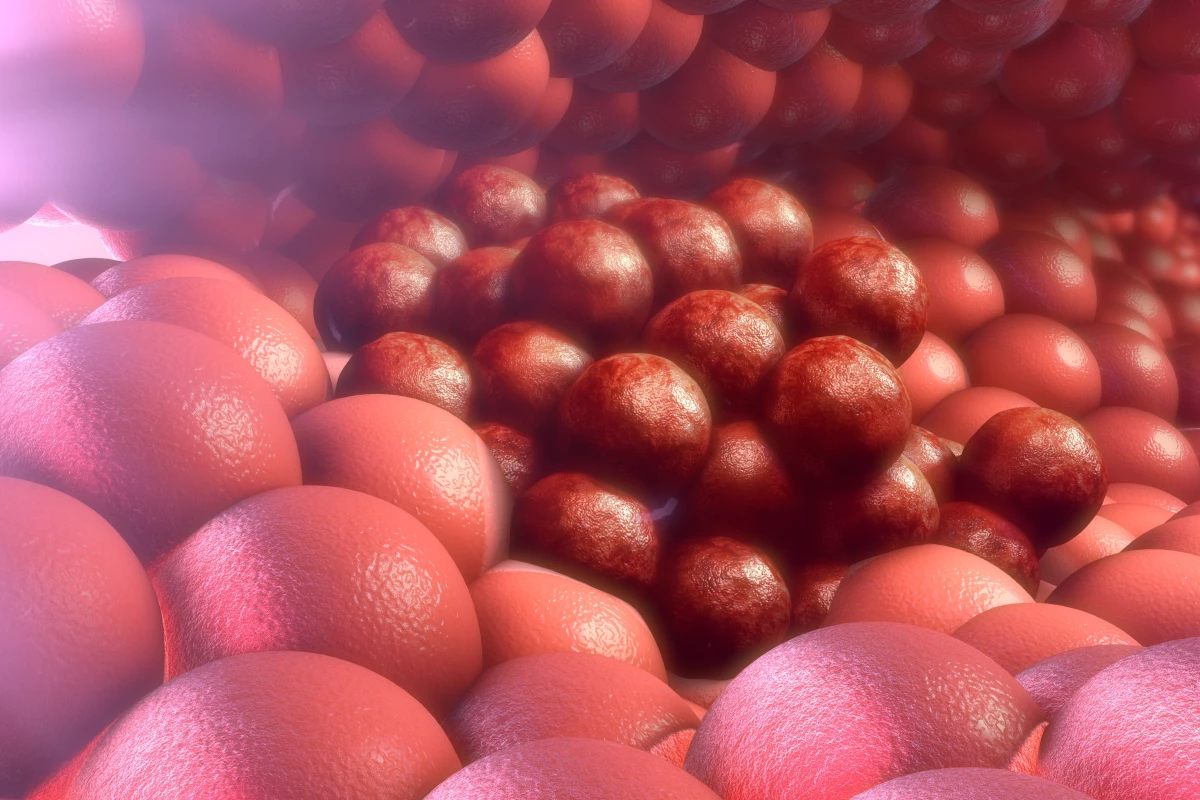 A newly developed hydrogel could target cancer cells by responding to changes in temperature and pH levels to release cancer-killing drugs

______

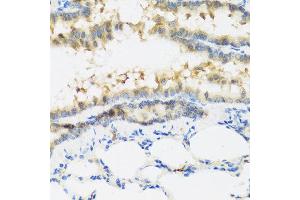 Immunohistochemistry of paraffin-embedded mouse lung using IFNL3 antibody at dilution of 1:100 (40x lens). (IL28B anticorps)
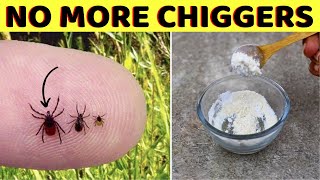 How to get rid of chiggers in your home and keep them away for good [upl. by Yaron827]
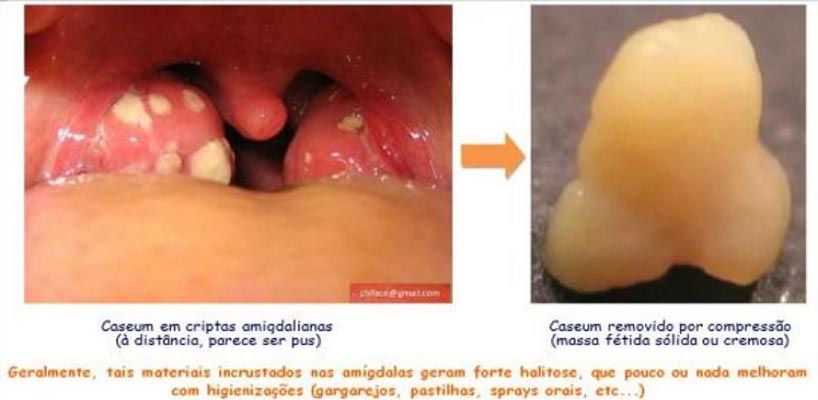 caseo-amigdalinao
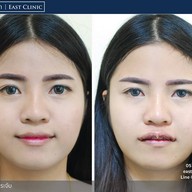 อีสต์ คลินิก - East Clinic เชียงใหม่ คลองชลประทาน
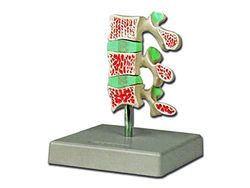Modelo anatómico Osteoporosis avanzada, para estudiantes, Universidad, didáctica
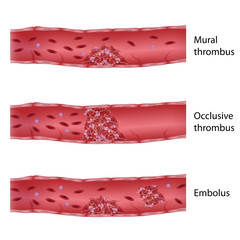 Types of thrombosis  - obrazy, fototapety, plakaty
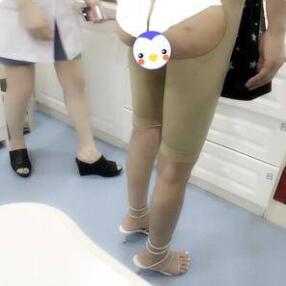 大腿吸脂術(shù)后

______

Task requirements => Please copy out from the data above, without any picture, exactly the lines running from the one that holds "Modelo anatómico Osteoporosis" through the one that holds "大腿吸脂術(shù)后", and nothing beyond them.

Exercise response =>
Modelo anatómico Osteoporosis avanzada, para estudiantes, Universidad, didáctica
 Types of thrombosis  - obrazy, fototapety, plakaty
 大腿吸脂術(shù)后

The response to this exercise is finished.